↓
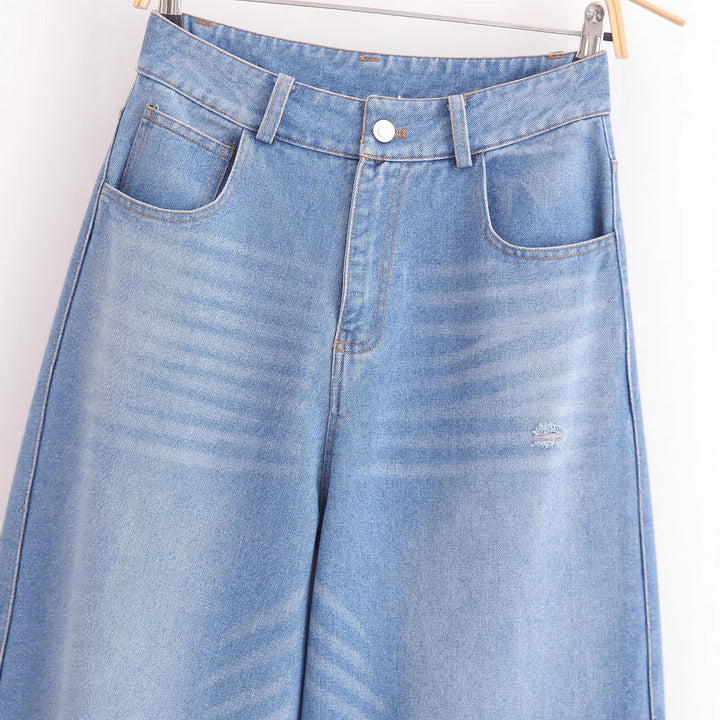 Women's High-Waist Jeans Pants with Wide Leg, Straight Hem and Subtle Used Look Mune Fashion
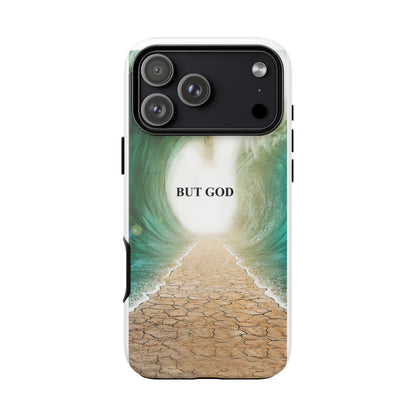 Phone Case — 'But God' Parting Sea Inspirational Christian Faith Design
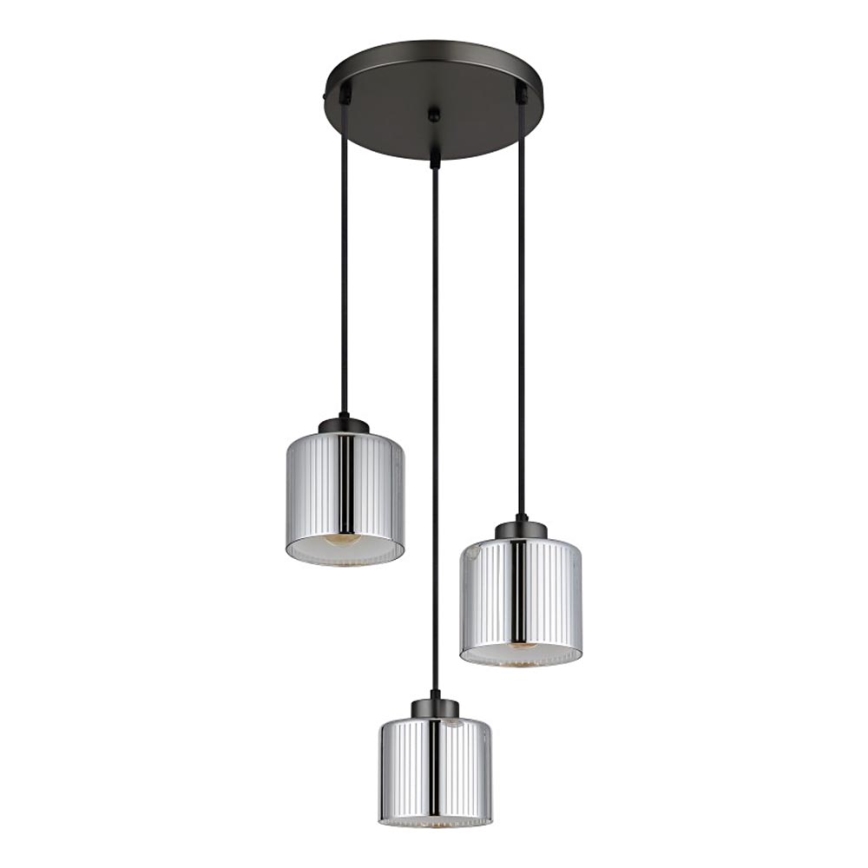 Globo - Chandelier on a string 3xE27/60W/230V shiny chrome d. 33 cm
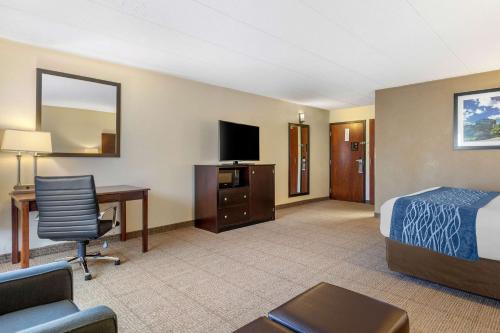 a hotel room with a bed a desk and a tv at Comfort Inn Grand Rapids Airport in Grand Rapids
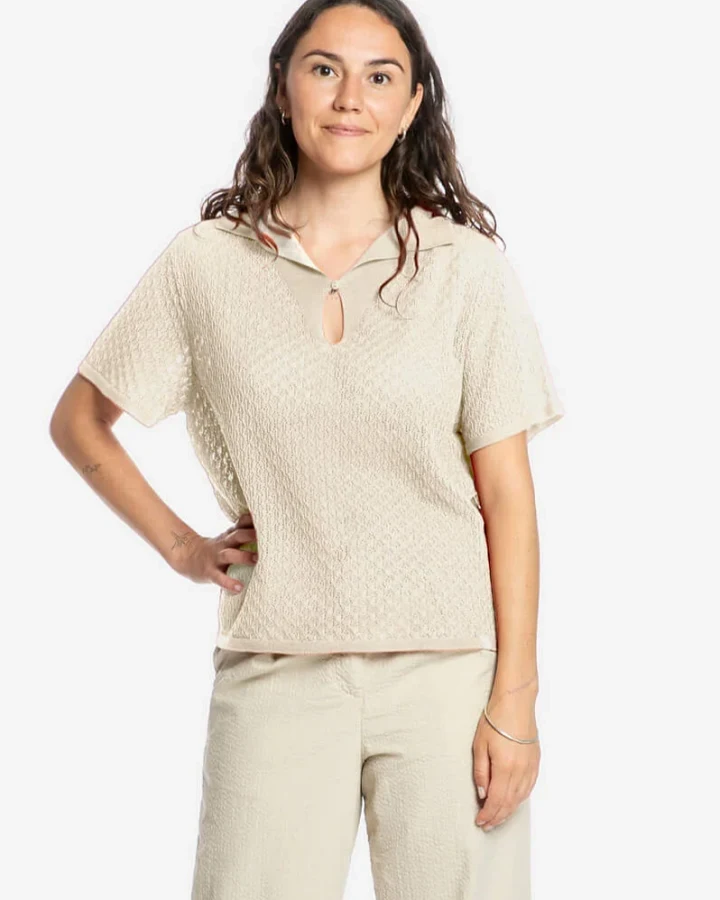 MATONA Damen vegan Bluse Pointelle Beige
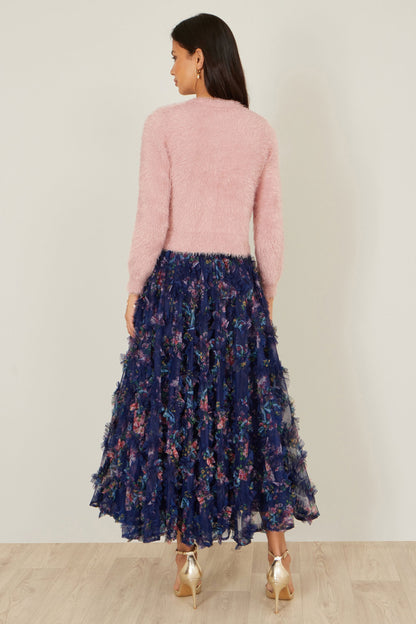 Yumi Pink Eyelash Knit Cropped Cardigan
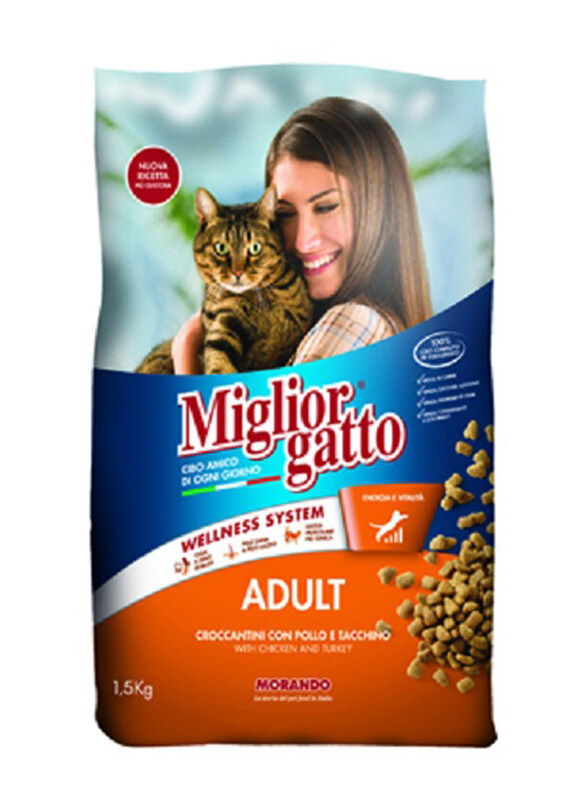 

Miglior Gatto Chicken & Turkey Adult Cat Dry Food, 1.5Kg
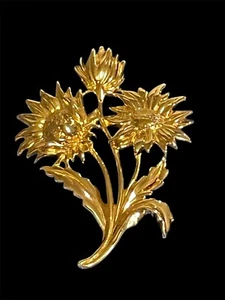 Sunflowers Bouquet Gold Tone Brooch Pin Men  Women Lapel Scarf Pin Gift - Picture 1 of 6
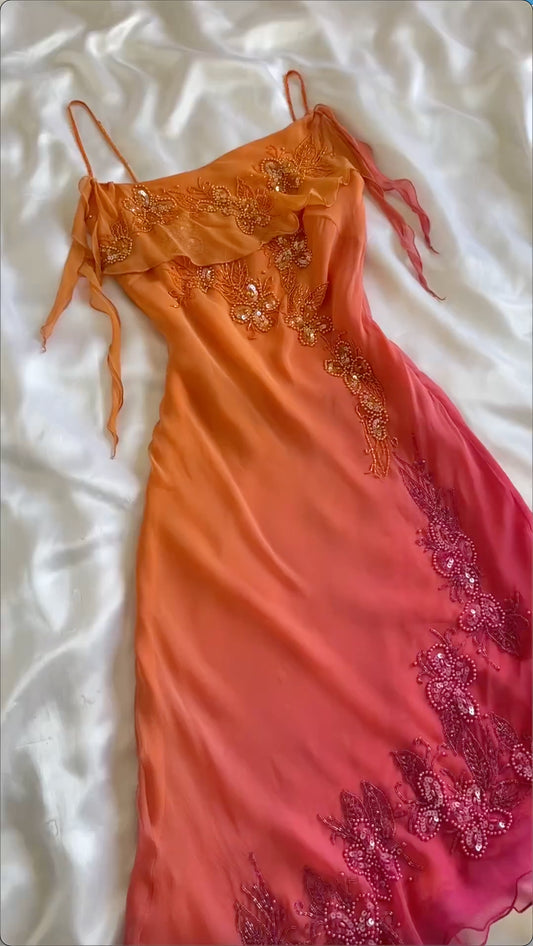 Orange Ombre Träger Etuikleid Perlenbesatz Vintage Midi Partykleid Abendkleider, D891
↑
§ **Problem description**
What you write must match, line for line, the lines from the one with "Yumi Pink Eyelash Knit Cropped Cardigan" through the last line of the data above, minus the pictures.

§ **Task response**
 Yumi Pink Eyelash Knit Cropped Cardigan

Miglior Gatto Chicken & Turkey Adult Cat Dry Food, 1.5Kg
 Sunflowers Bouquet Gold Tone Brooch Pin Men  Women Lapel Scarf Pin Gift - Picture 1 of 6
 Orange Ombre Träger Etuikleid Perlenbesatz Vintage Midi Partykleid Abendkleider, D891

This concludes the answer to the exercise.